# About this exercise
From the listing below, copy only the lines from the line that contains "Canada's Prime Minister" to the line that contains "Gebraucht Ford Fiesta", counting those two lines as part of the copy.

# Data in this exercise
━━━━━━━━━━

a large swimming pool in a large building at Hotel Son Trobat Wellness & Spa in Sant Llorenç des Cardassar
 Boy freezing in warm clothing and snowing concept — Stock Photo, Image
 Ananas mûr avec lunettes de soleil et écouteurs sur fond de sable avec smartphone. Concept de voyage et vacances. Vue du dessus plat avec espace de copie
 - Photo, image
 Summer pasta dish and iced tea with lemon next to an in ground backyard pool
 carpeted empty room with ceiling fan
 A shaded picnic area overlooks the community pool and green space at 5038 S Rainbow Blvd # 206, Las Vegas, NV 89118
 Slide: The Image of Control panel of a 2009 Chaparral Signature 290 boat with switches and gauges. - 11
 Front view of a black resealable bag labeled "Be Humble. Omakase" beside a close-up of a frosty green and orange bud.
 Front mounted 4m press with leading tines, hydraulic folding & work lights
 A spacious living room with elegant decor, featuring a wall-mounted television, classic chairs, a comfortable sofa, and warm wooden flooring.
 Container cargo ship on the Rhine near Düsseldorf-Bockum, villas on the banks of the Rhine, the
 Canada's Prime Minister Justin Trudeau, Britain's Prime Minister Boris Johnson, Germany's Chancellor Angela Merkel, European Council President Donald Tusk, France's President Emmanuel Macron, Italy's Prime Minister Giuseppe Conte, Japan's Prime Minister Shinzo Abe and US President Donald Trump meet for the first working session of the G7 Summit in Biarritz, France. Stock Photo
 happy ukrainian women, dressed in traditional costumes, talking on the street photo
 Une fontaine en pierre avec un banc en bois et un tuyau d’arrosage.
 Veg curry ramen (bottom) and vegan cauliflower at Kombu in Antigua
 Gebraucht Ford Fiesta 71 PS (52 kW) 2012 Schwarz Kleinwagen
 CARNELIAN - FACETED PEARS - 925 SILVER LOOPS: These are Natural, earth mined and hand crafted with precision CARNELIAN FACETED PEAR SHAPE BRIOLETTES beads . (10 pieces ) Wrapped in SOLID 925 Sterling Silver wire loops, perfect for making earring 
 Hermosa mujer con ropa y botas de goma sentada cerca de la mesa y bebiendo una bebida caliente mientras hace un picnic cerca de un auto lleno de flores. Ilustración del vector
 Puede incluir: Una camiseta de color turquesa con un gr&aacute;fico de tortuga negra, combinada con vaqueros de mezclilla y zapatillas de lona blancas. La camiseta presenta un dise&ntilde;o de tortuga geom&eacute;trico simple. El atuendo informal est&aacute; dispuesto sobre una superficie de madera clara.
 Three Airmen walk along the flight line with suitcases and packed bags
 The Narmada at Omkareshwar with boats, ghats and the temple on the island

━━━━━━━━━━

# Solved problem
 Canada's Prime Minister Justin Trudeau, Britain's Prime Minister Boris Johnson, Germany's Chancellor Angela Merkel, European Council President Donald Tusk, France's President Emmanuel Macron, Italy's Prime Minister Giuseppe Conte, Japan's Prime Minister Shinzo Abe and US President Donald Trump meet for the first working session of the G7 Summit in Biarritz, France. Stock Photo
 happy ukrainian women, dressed in traditional costumes, talking on the street photo
 Une fontaine en pierre avec un banc en bois et un tuyau d’arrosage.
 Veg curry ramen (bottom) and vegan cauliflower at Kombu in Antigua
 Gebraucht Ford Fiesta 71 PS (52 kW) 2012 Schwarz Kleinwagen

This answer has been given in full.